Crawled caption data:

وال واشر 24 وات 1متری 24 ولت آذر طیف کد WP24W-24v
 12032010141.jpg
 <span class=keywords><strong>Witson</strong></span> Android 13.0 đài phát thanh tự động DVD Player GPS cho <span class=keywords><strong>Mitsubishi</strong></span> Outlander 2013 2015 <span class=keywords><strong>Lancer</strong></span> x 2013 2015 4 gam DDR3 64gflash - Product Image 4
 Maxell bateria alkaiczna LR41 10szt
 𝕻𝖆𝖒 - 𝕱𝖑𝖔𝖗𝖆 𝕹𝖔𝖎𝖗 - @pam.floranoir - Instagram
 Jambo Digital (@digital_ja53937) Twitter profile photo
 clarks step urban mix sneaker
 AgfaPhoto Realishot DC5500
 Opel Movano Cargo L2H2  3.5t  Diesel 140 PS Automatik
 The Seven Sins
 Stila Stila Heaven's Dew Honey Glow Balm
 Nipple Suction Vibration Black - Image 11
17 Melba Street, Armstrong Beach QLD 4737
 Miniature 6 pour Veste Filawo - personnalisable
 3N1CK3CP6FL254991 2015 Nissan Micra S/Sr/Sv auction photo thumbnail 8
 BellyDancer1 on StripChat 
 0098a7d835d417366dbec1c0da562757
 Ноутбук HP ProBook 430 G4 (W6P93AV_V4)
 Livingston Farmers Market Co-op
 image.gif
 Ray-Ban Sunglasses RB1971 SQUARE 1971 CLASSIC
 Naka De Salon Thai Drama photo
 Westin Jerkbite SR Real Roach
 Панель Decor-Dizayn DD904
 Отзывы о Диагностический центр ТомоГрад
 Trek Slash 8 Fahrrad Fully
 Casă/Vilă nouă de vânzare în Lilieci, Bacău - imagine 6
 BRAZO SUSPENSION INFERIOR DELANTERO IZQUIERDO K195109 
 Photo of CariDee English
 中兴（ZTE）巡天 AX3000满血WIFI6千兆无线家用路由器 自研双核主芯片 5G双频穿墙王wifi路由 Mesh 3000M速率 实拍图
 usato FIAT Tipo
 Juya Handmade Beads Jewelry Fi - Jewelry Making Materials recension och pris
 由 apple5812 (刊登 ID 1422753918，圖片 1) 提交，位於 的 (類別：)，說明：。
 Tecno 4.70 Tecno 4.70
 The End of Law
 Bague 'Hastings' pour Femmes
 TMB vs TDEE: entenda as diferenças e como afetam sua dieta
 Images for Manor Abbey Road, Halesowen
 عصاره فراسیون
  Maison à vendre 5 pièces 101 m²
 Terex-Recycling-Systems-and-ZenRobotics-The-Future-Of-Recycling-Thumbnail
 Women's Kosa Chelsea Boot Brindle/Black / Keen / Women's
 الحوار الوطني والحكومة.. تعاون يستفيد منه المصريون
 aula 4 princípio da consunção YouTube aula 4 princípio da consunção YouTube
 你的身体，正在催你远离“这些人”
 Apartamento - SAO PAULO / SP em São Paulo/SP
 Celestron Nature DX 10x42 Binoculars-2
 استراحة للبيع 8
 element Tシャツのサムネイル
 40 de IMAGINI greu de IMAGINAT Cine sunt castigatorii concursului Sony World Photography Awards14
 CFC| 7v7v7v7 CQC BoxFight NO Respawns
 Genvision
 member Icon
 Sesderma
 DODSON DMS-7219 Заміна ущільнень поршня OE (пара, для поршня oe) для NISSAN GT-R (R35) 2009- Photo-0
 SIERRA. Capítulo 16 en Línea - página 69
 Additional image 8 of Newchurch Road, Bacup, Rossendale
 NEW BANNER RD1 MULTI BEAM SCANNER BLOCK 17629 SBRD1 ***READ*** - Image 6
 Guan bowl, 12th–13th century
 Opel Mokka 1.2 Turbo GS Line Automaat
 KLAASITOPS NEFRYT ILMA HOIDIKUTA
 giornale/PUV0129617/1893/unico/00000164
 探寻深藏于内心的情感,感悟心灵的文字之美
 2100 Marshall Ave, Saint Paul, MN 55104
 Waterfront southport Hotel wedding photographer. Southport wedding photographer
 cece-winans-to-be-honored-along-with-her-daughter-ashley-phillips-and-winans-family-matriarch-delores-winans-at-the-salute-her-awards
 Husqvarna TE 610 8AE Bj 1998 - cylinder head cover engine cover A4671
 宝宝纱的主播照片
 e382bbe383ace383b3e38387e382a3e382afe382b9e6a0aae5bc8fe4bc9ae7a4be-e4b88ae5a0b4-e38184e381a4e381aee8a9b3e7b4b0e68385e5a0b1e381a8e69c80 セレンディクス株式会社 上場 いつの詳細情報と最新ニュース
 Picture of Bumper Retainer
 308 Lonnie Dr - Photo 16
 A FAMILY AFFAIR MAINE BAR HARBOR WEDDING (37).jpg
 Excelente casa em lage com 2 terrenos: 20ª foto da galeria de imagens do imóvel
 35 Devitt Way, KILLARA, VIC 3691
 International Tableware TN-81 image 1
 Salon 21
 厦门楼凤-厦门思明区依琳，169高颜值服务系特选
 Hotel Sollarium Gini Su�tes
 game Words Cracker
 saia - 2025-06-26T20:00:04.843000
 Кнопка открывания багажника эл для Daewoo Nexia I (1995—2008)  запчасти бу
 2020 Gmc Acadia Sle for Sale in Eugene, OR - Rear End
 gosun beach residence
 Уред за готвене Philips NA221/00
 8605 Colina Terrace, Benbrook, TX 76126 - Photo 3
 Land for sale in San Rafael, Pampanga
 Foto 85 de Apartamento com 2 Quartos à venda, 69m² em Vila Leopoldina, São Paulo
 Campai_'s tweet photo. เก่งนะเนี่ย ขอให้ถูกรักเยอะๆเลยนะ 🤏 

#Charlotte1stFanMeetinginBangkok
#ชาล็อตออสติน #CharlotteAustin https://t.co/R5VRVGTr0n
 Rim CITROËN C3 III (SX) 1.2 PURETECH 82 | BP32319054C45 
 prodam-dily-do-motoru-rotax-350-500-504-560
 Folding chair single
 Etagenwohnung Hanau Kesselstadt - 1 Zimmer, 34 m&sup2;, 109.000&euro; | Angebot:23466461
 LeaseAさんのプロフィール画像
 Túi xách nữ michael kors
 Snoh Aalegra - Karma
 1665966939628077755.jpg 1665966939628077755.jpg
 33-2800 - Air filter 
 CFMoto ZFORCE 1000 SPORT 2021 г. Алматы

WHAT YOU SHOULD DO:
Output each line exactly, from the first line of the data down to the line that contains "12032010141.jpg", both included.

RESPONSE BOX:
وال واشر 24 وات 1متری 24 ولت آذر طیف کد WP24W-24v
 12032010141.jpg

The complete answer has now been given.